If I have it and want to give it, you can have it. If you have the manners to pay it back, however slowly or in whatever amounts (within reason) then you can come back and ask again any time you need help. If you are a pig and don’t even get back to me, just try asking me again.
But I will never chase that money because I would never give what I cannot afford to lose.
Them’s are my rules. I’m interested in yours?
I was once helping out someone who I was really impressed with. They’d spent quite a bit of time in prison and having come out had put together a show and tell highlighting the stark negatives of prison life which they had begun touring schools with.
They had invited me to go along and tell my story as (hopefully) a counter balance to their own and as I had done the school tour motivational speaking thing many times before I was happy to freely give my time.
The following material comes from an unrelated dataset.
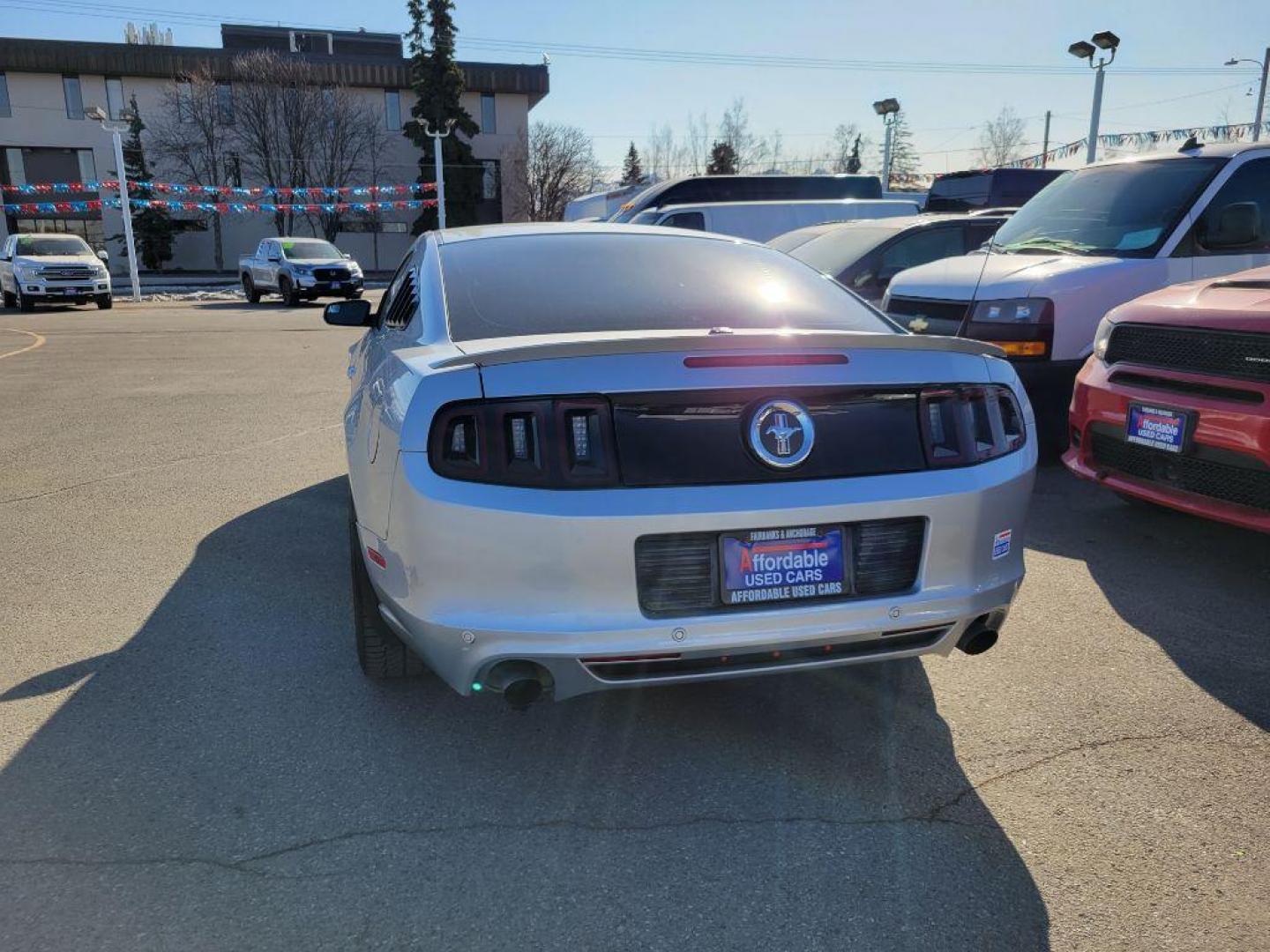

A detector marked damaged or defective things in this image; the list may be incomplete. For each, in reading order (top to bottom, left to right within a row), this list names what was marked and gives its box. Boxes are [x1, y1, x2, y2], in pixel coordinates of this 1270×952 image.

crack in asphalt [0, 421, 342, 502]
crack in asphalt [2, 736, 1259, 883]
Then very early in the relationship I got the knock on the front door…
‘Um …can I come in? Sorry to bother you…um…I don’t like to ask…’
Me in my head: ‘Oh here we go!’
The story was they needed to pay a bill – it was very urgent…blah blah… can’t carry on with the tour unless it’s paid… yadda.
I knew that they were being backed by people who were handling the monies and other aspects of the whole ‘prison tour’ concept, so I asked why they hadn’t gone to the backers as it was in their interest to keep them on the tour. To be honest I can’t remember the answer because I knew it was BS. My brain has an auto-filter for BS.
But just in case their issue was genuine I told them that this is what I’ll do. The bill was £200? Fine I would help them with £80. They should then go and find the remaining £120 and hand it to me and I will ring the company and pay the whole of this bill via credit card then and there.
Strangely enough they never came back.
As well intentioned as they might have been I could see from this and other things they had told me that they were not listening to their own motivational messages about falling back into old habits and avoiding prison.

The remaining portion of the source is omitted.